Ed Gray, manager of the manufacturing division, sold off old manufacturing equipment. He also reclassified several workers to part time (30 hours per week) and hired additional temporary workers to take up the slack. This saved the company money, since part-time workers do not have the same insurance and other benefits as full-time workers.
Mike Cane, financial manager, immediately suspended payments on all accounts except those on which interest would accrue. He also instituted aggressive collection procedures.
1. Discuss Ed Gray’s actions.
2. Discuss Mike Cane’s actions.
3. Discuss the company president’s actions.
ANSWER FOR DISCUSSION:
1) I believe Ed Gray’s actions will end up costing the company more money. On paper this strategy will save the Flint Hills money. Selling off old manufacturing equipment is a great idea. I think switching several employees to part time and hiring temporary workers is a bad idea. While temporary workers could be paid less, they will take time and money to train and find. With an increase in new workers, mistakes will follow. Work place accidents and damaged equipment are likely to come with an increase of temporary workers. Insurance costs for Flint Hills will rise. Suddenly switching several full time employees to part time will dramatically change the work place environment. Many employees will most likely leave the company, which will lead to an increase in even more temporary works. The sudden switch in work place environment will lead to lower morale and could lead to decreased productivity. There would also be a potential loss of an employee retention tax break. The part time employees leaving the company could be part of an employee retention tax break. Losing this tax break will mean that income taxes for the company will increase.
2) I believe that Mike Cane’s actions are a bit drastic and will lead to hurting Flint Hills’ reputation with vendors. When the bills become past due vendors will be calling in for payment. The vendors were expected to be paid in a certain amount of time. The vendors will not take a hold on payment very well. Many of the accounts will be put on hold which will slow productivity of Flint Hills. The company will also have a harder time gaining credit terms with new vendors.

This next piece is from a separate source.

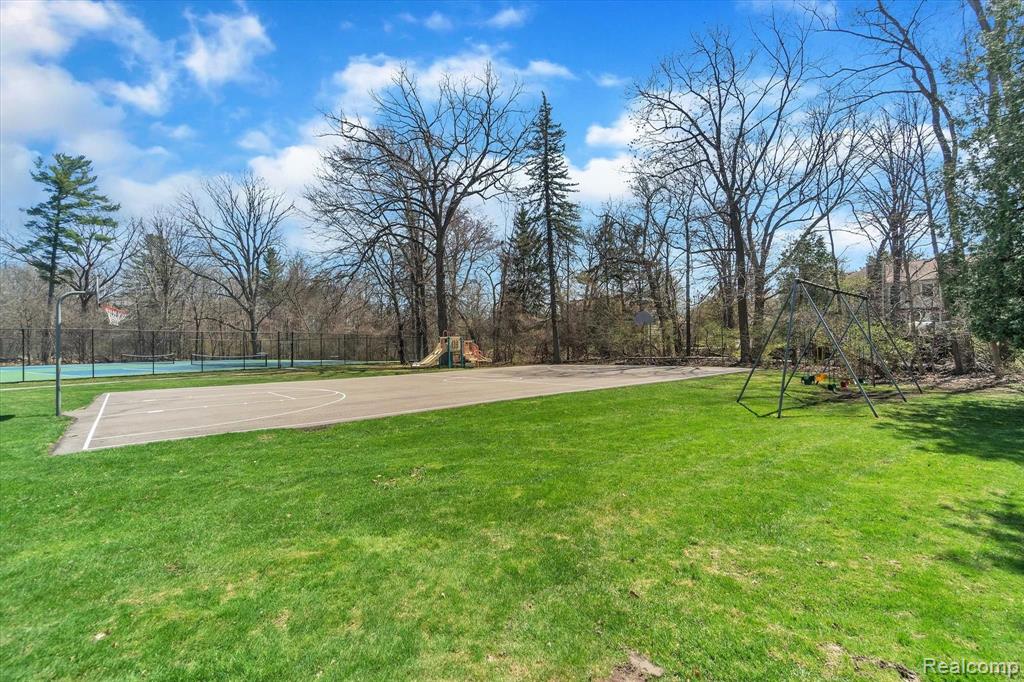 1177 Pine Ridge Court, Unit 135 Rochester Hills, MI 48306 - Photo 41 of 41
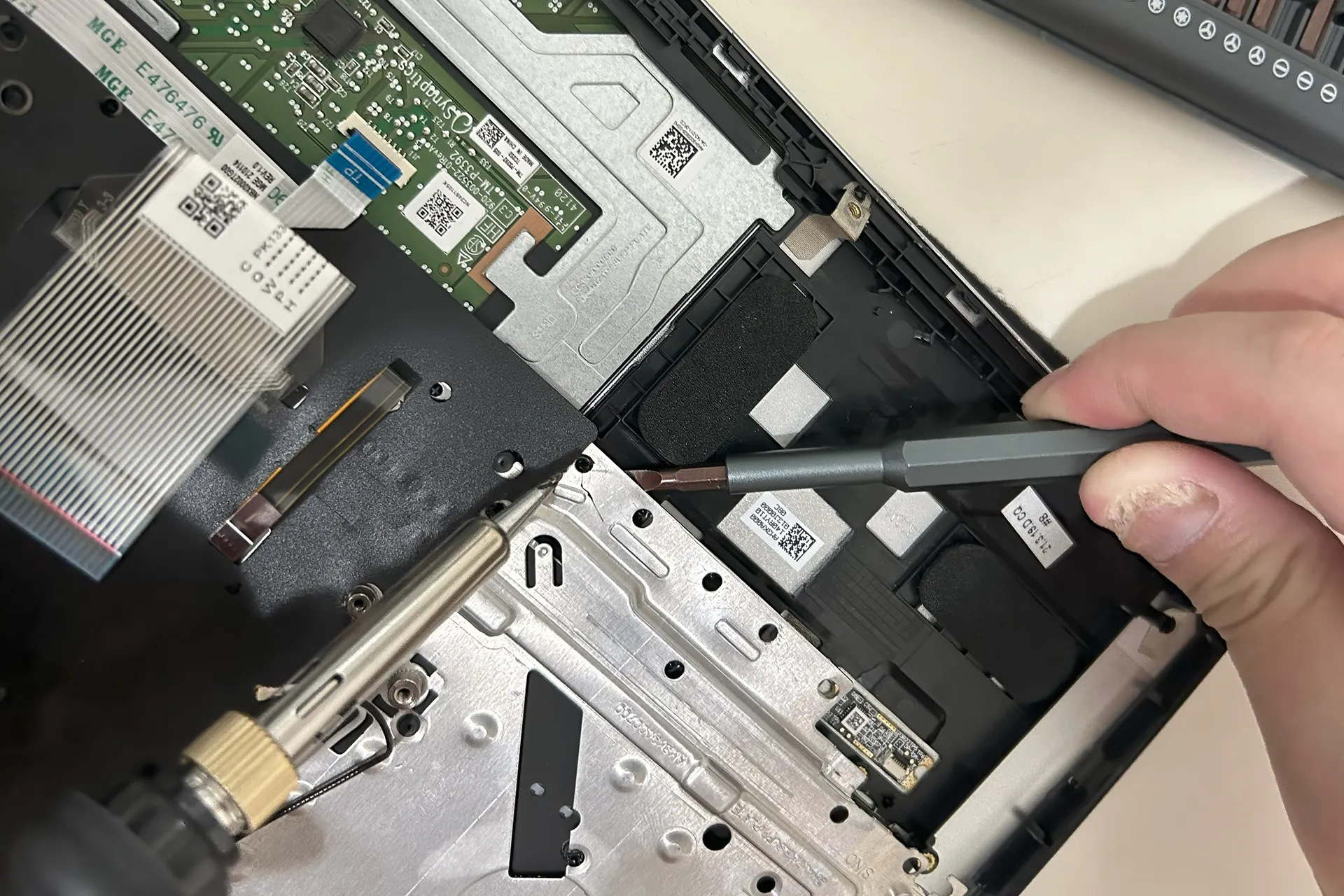 宏碁 Swift 3 SF314-511 更换键盘,没有撬棒只能用螺丝刀了…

With the company’s bad reputation, they will most likely be forced on COD terms. This will severely limit the company’s ability operate and plan big purchases. I think a better move would be for Mike Cane to renegotiate the debt and try to get some leeway on payment terms with vendors.
3) I think the Flint Hill’s president also handled this situation incorrectly. There was no real direction in the president’s statement. The statement came down to do whatever you need to bring down costs. I think a better move would have been to have a follow up meeting in which the other managers had time to think of ideas to save money. The mangers went off on the their own and did what they could, without thinking in the long term and how their actions would affect other departments. The was no plan implemented. While the short terms problems may be resolved, the long term damage could potentially be extensive.